_BRIEF_: Your task is to copy the lines from the line containing "Exam1 Study Guide" through the end of the listing below, both included, without any pictures.

_WORKING DATA_:
------------------------------------------------------------

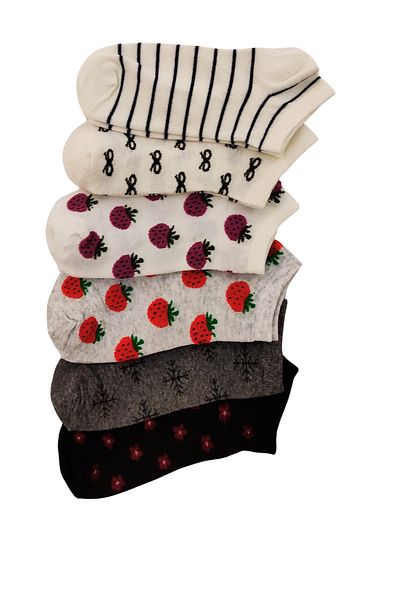 DİLRUBA AVM Women's Quality Combed Cotton Floral Patterned (6 Pairs) Short Booties Socks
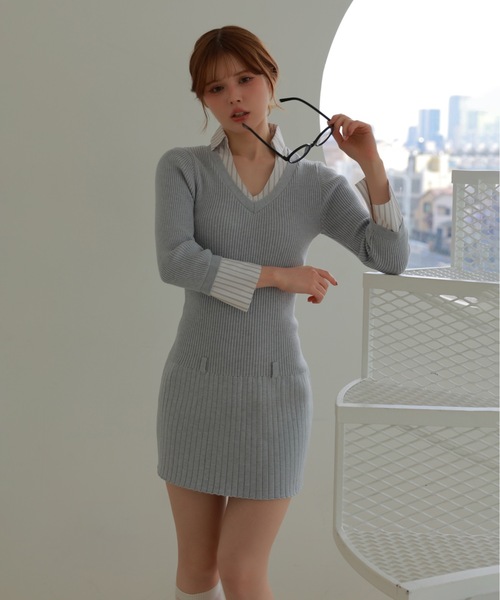 M DOLLY ワンピース stripe shirt sereno mini dress/ストライプシャツ
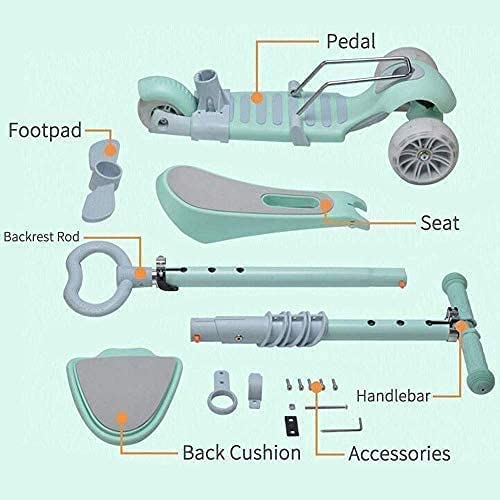 SHINEDOWN Kids 3 Wheel Scooter,Adjustable Height Kids Scooter,Lean to Steer with Extra-Wide PU LED Light Up Wheels,For Boys & Girls from 2 Years Old and Up (Green with Handle)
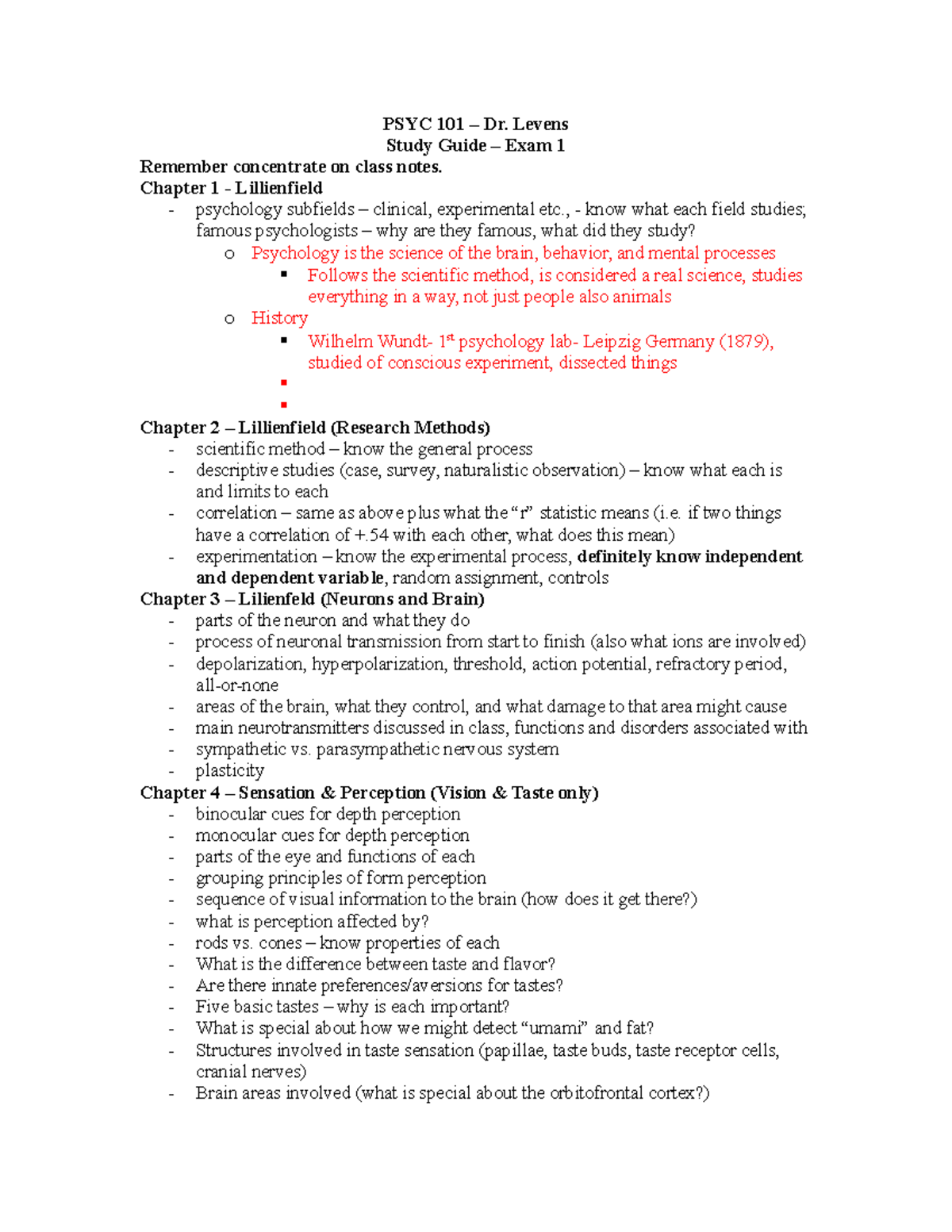 Exam1 Study Guide - PSYC 101 – Dr. Levens Study Guide – Exam 1 Remember ...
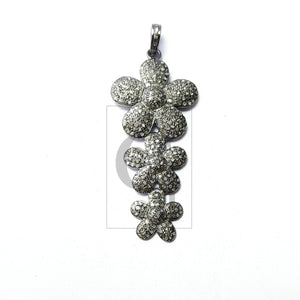 Beautiful Flower Rosecut Pave Diamond Pendant 925 Sterling Silver Handmade Finish Diamond Jewelry Pendant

------------------------------------------------------------

_EXERCISE OUTPUT_:
 Exam1 Study Guide - PSYC 101 – Dr. Levens Study Guide – Exam 1 Remember ...
 Beautiful Flower Rosecut Pave Diamond Pendant 925 Sterling Silver Handmade Finish Diamond Jewelry Pendant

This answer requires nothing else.